─── Given records ───

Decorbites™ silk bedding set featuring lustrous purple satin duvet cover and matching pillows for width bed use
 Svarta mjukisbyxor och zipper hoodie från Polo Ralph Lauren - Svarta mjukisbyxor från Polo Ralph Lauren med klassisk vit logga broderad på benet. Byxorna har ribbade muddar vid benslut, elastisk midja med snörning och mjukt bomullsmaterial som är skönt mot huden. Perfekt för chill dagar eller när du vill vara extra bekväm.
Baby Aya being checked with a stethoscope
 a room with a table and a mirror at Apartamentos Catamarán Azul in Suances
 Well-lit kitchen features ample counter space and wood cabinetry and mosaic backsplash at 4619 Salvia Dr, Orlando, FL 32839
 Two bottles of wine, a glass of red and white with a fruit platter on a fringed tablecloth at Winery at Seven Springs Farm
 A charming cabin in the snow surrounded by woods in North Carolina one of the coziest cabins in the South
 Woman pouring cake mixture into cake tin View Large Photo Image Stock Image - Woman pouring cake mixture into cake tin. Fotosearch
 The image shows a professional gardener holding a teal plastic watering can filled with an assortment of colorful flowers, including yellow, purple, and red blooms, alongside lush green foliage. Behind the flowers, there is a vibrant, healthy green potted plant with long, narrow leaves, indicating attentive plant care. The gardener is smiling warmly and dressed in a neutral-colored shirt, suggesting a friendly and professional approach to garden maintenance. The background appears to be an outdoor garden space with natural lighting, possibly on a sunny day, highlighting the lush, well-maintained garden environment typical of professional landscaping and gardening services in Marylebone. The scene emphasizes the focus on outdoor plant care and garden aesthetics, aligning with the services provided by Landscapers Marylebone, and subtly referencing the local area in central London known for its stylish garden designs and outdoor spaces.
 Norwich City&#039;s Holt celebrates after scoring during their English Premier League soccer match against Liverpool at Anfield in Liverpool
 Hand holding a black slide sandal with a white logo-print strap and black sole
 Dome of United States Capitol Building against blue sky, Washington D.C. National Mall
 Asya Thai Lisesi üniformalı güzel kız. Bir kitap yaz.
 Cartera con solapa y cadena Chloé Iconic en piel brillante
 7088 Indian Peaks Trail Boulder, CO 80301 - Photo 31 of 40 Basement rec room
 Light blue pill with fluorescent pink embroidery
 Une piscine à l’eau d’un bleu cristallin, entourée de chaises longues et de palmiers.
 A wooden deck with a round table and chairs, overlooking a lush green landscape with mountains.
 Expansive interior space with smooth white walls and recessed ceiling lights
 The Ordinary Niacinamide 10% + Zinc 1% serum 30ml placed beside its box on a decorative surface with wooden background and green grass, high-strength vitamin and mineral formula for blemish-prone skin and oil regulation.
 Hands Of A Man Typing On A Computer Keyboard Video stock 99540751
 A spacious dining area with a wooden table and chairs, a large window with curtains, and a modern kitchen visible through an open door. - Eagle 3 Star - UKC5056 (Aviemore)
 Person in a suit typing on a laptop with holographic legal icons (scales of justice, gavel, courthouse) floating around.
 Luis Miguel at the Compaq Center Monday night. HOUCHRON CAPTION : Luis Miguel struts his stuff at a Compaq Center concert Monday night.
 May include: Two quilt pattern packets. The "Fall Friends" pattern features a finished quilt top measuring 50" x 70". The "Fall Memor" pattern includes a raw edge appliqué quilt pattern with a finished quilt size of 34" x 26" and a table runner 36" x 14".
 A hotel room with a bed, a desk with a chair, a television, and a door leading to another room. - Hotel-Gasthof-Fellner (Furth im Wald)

───

Exercise description:
Using the data above, extract exactly the lines from the one that holds "Hand holding a" to the one that holds "A spacious dining", both ends included, and no others.

Exercise response:
 Hand holding a black slide sandal with a white logo-print strap and black sole
 Dome of United States Capitol Building against blue sky, Washington D.C. National Mall
 Asya Thai Lisesi üniformalı güzel kız. Bir kitap yaz.
 Cartera con solapa y cadena Chloé Iconic en piel brillante
 7088 Indian Peaks Trail Boulder, CO 80301 - Photo 31 of 40 Basement rec room
 Light blue pill with fluorescent pink embroidery
 Une piscine à l’eau d’un bleu cristallin, entourée de chaises longues et de palmiers.
 A wooden deck with a round table and chairs, overlooking a lush green landscape with mountains.
 Expansive interior space with smooth white walls and recessed ceiling lights
 The Ordinary Niacinamide 10% + Zinc 1% serum 30ml placed beside its box on a decorative surface with wooden background and green grass, high-strength vitamin and mineral formula for blemish-prone skin and oil regulation.
 Hands Of A Man Typing On A Computer Keyboard Video stock 99540751
 A spacious dining area with a wooden table and chairs, a large window with curtains, and a modern kitchen visible through an open door. - Eagle 3 Star - UKC5056 (Aviemore)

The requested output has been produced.